Find for which $\alpha$ the integral $\int_{0}^{1} \frac{1-x^{\alpha}}{1-x}dx$ converges
For any $\alpha$ , we have $\lim_{x \to 1^-} \frac{1-x^\alpha}{1-x}= \alpha$ (derivative of $x^\alpha$ type difference quotient). Hence we always have boundedness near $1$ for any $\alpha$. It is then $x=0$ which is likely to create a problem, if any.
We will now observe the function near $x=0$ and make conclusions.

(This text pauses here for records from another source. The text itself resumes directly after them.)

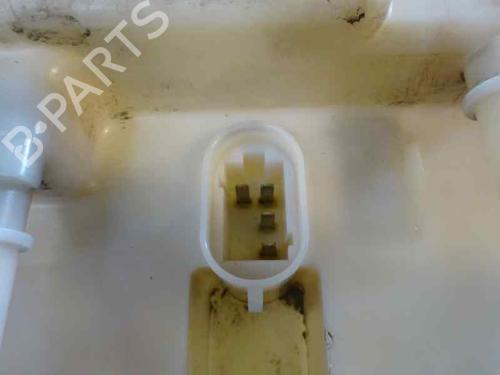 Kraftstoffpumpe für RENAULT TWINGO I (C06_) 1.2 (C066, C068) (58 hp) 1726273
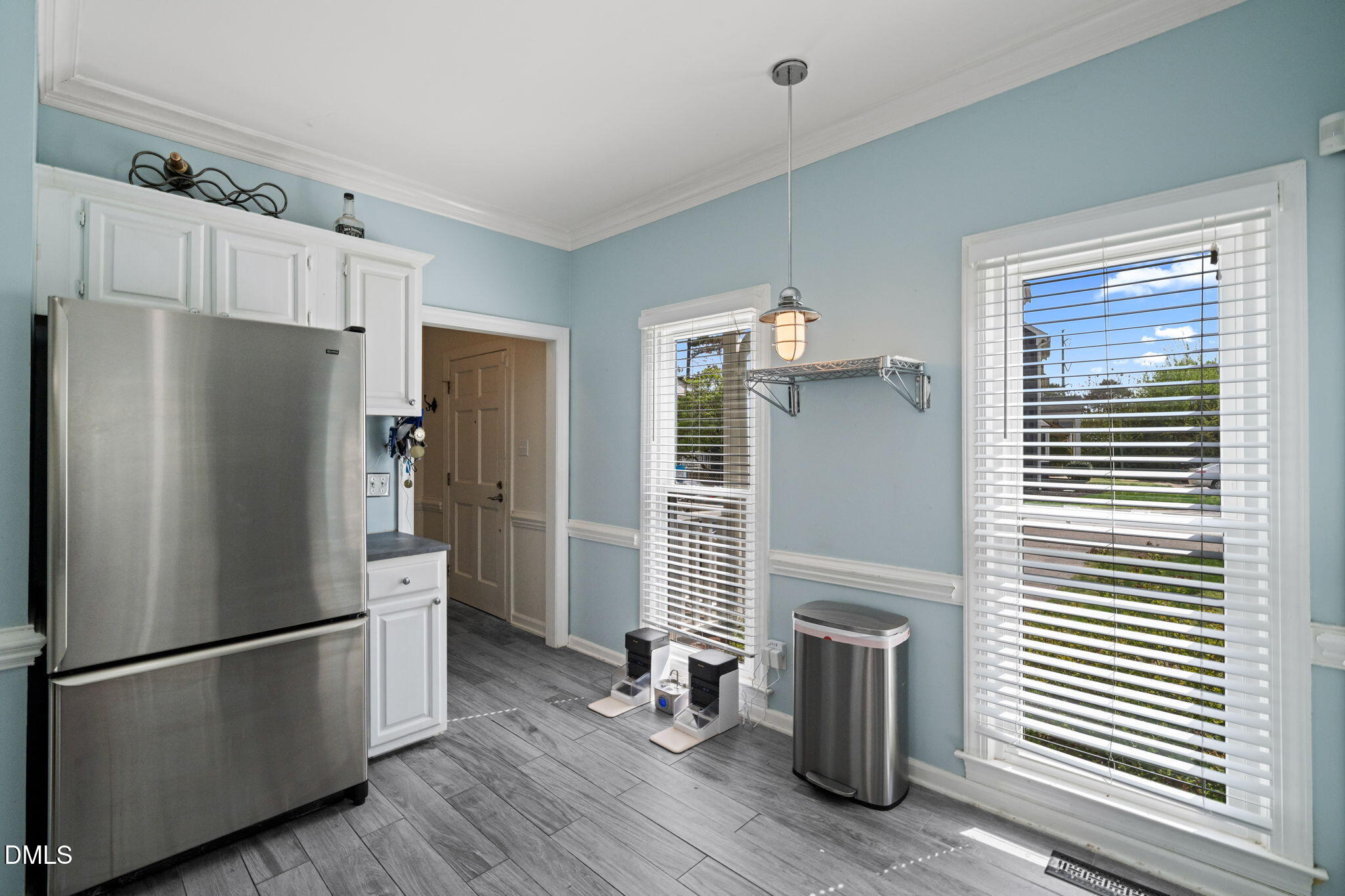 5006 Dunwoody Trail Raleigh, NC 27606 - Photo 7 of 51 8-web-or-mls-untitled-27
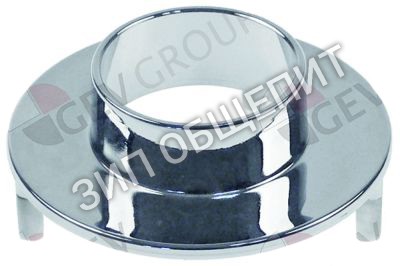 Панелька CR0580460 Mareno для NFT74EL / NFT74ELC / NFT74ELCO / NFT74ELO / NFT74ER / NFT74ERC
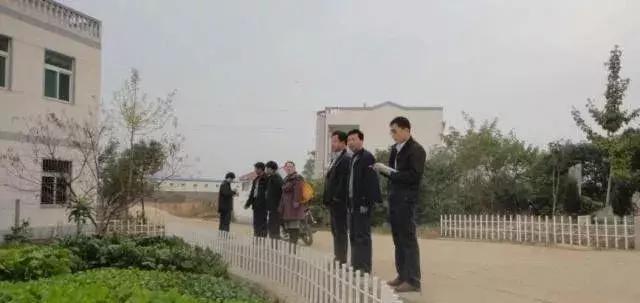 农村2大特色产业将会崛起，抓住机遇，发家致富并不难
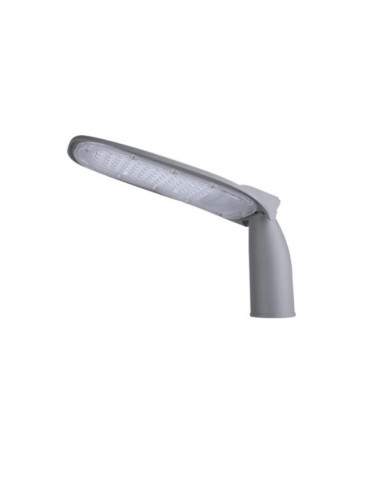 Armatura Stradale Led 50W 4000K 7305/N STONE GROUP - 7305N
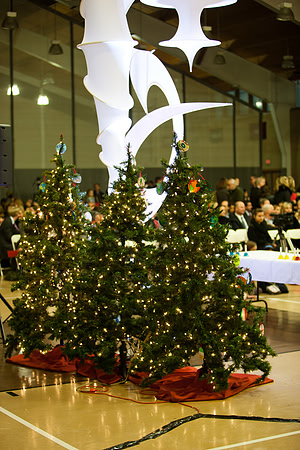 holidayconcert_ls_mkras_0012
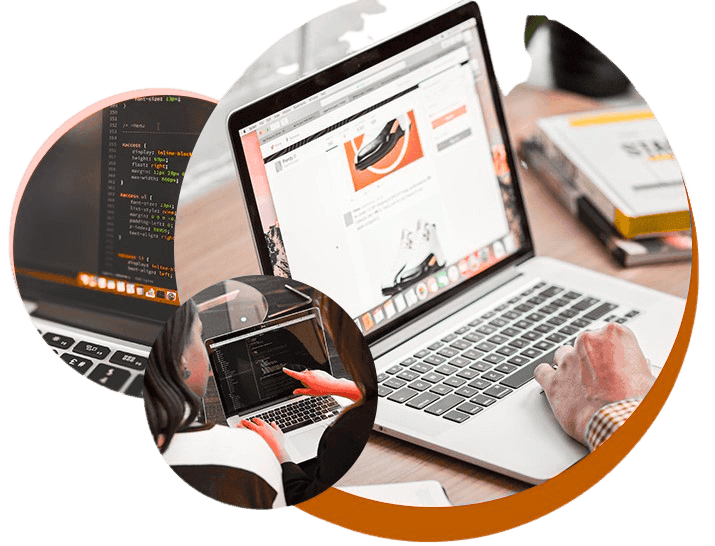 php development services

Note that if $\alpha \geq 0$ then the limit exists at $0$ anyway by the quotient rule.
In fact, we have for $\alpha < 0$ : $$ \lim_{x \to 0^+} \frac{x^{-\alpha}(1-x^{\alpha})}{(1-x)} = \lim_{x \to 0^+} \frac{x^{-\alpha}-1}{1-x} = 1 \tag{*} $$
So near $0$, $\frac{1-x^{\alpha}}{1-x}$ looks like $ x^{\alpha}$, and we know that if $\alpha \ge - 1$ that integral is not converging, while for $\alpha < -1$ it is.
Now the answer. Get rid of $\alpha \ge 0$, for which continuity holds on the interval, hence boundedness and integral convergence.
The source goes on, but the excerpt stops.